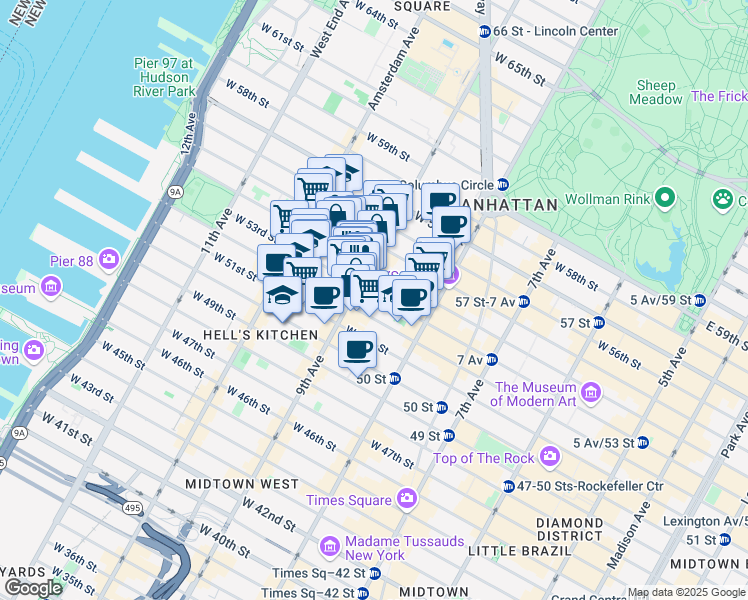 map of restaurants, bars, coffee shops, grocery stores, and more near 354 West 53rd Street in New York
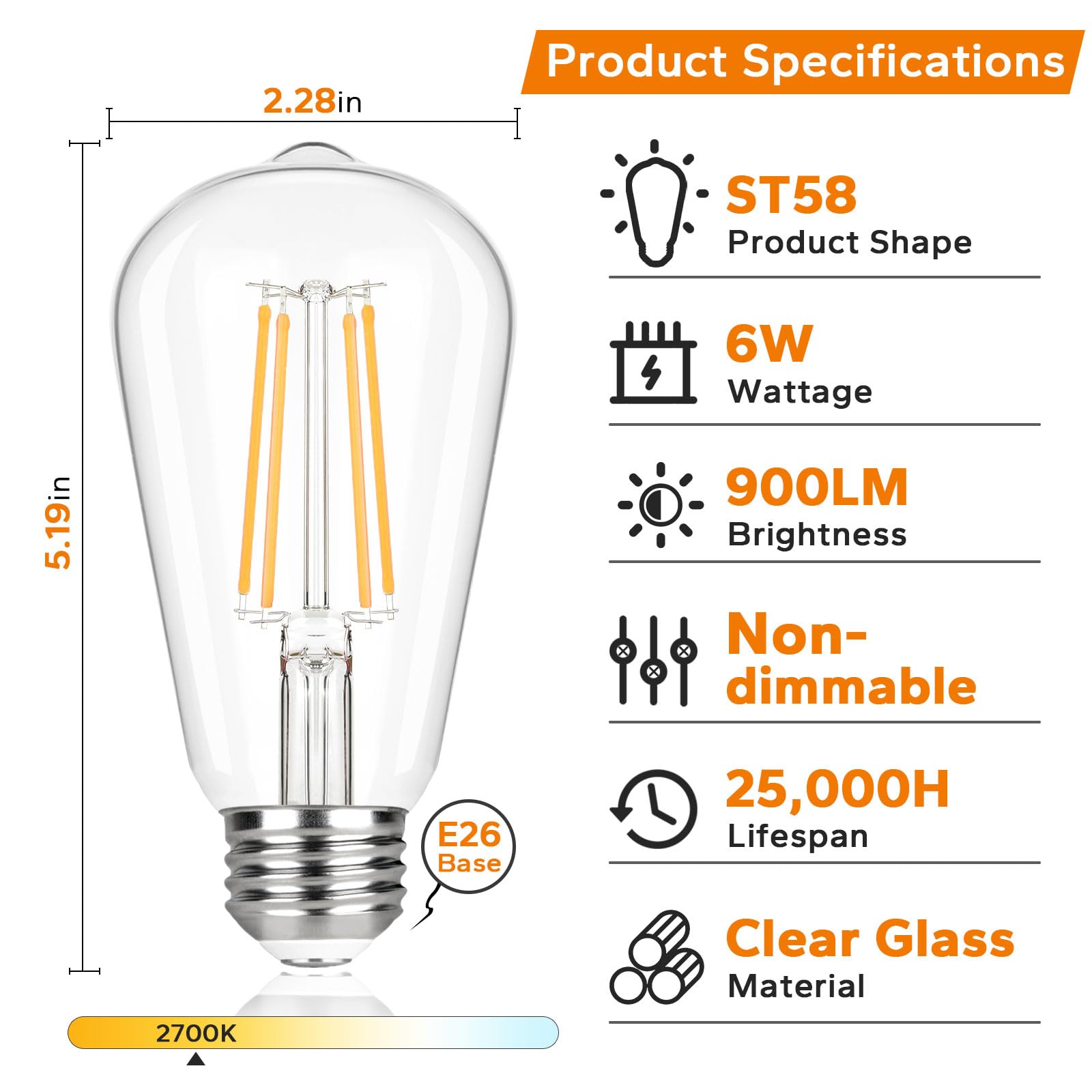 Tobusa Vintage Led Edison Light Bulbs 60W Equivalent, 900Lm Super Bright Led Bulbs, 6W St58 Antique Led Filament Bulbs, 2700K Wa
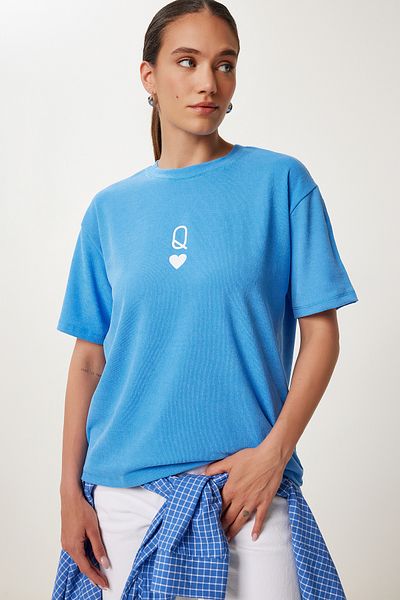 Happiness İstanbul Himmelblau bedrucktes Oversize-Strick-T-Shirt für Damen AN00245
- - - - -
Would you return all the data exactly as given, minus the pictures?

 map of restaurants, bars, coffee shops, grocery stores, and more near 354 West 53rd Street in New York
 Tobusa Vintage Led Edison Light Bulbs 60W Equivalent, 900Lm Super Bright Led Bulbs, 6W St58 Antique Led Filament Bulbs, 2700K Wa
 Happiness İstanbul Himmelblau bedrucktes Oversize-Strick-T-Shirt für Damen AN00245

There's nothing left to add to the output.